[Aim of the task]
From the line holding "this 1269×952 image." through the line holding "this 640×360 image." below, write out every line exactly; include both of those lines and drop the pictures.

[Input for this task]
□ □ □

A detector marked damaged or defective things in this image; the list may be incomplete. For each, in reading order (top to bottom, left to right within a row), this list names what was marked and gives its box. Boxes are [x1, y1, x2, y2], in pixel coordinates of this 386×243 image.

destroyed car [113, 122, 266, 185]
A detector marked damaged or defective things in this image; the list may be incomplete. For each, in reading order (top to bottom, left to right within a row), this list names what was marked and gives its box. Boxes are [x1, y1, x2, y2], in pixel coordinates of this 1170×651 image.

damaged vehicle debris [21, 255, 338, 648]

□ □ □

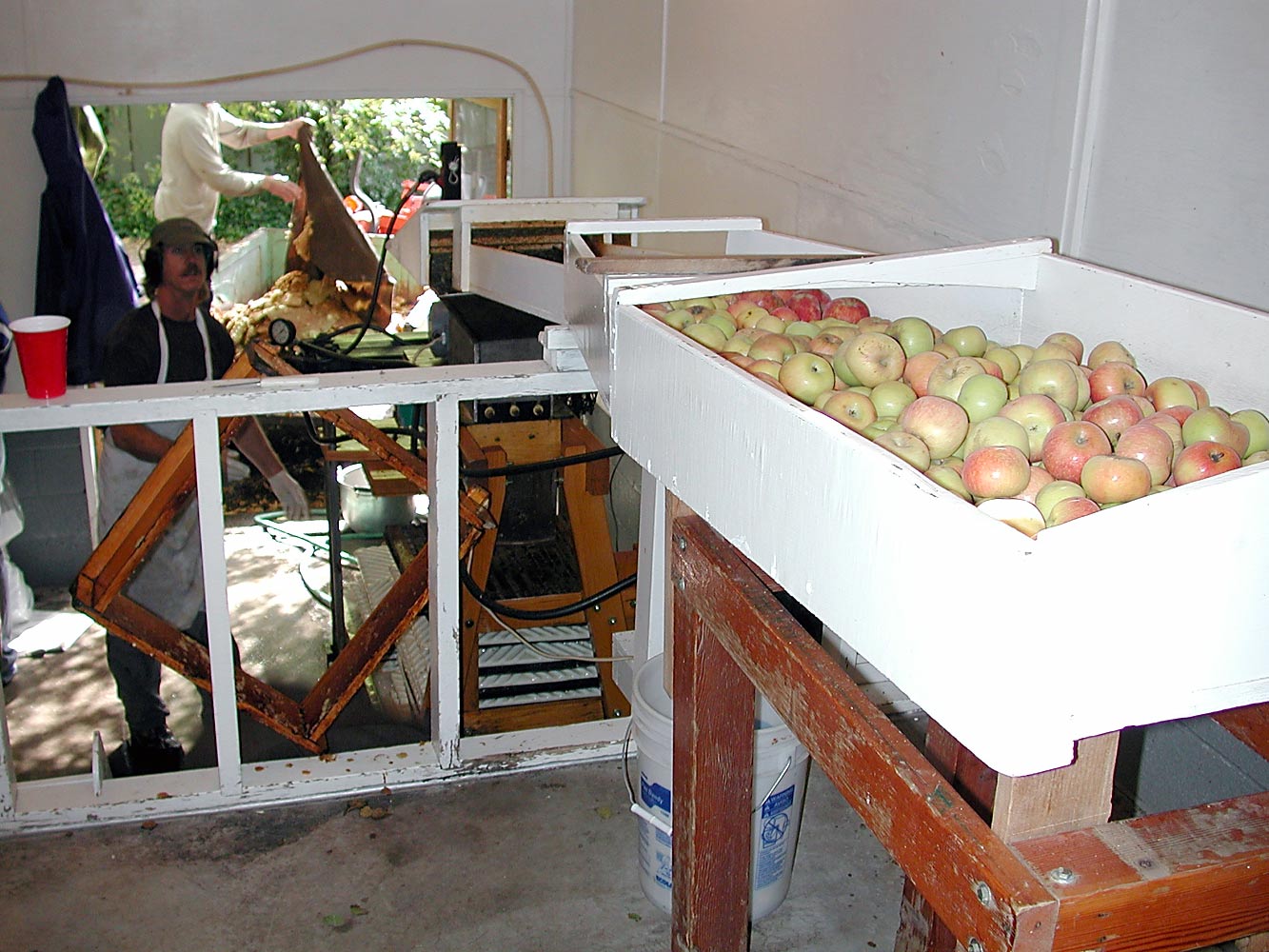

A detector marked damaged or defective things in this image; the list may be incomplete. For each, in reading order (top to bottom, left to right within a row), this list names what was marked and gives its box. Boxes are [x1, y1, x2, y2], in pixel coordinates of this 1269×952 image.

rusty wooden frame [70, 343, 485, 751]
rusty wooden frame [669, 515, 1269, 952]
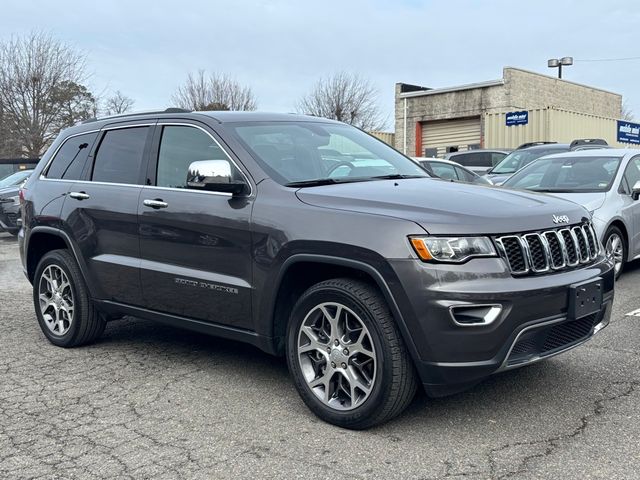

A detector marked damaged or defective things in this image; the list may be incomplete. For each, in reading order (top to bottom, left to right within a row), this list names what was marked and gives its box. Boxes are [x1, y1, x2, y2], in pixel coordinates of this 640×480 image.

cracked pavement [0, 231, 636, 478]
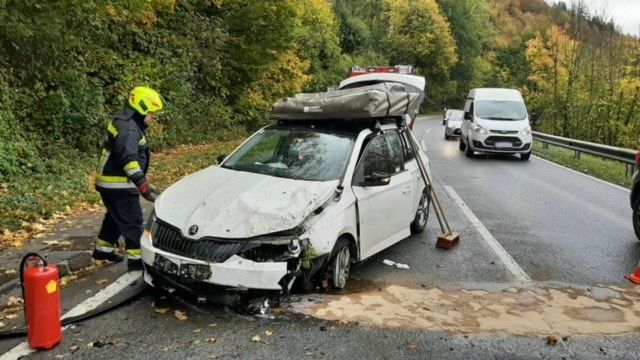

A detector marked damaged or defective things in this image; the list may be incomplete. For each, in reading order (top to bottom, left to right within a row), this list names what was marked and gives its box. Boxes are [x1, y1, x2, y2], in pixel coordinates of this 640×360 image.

□ □ □

[Answer to this exercise]
A detector marked damaged or defective things in this image; the list may be incomplete. For each, in reading order (top to bottom, left to right within a row), this list names what was marked and gives its box. Boxes are [x1, y1, x2, y2], in pixel coordinates of this 1269×952 image.

rusty wooden frame [70, 343, 485, 751]
rusty wooden frame [669, 515, 1269, 952]

A detector marked damaged or defective things in this image; the list may be incomplete. For each, in reading order (top to bottom, left to right within a row), this list names what was marked and gives its box. Boxes are [x1, y1, x2, y2], in pixel coordinates of this 640×480 image.

cracked pavement [0, 231, 636, 478]

A detector marked damaged or defective things in this image; the list may be incomplete. For each, in reading order (top to bottom, left to right within a row), this list names what was marked and gives its box. Boxes are [x1, y1, x2, y2], in pixel coordinates of this 640×360 image.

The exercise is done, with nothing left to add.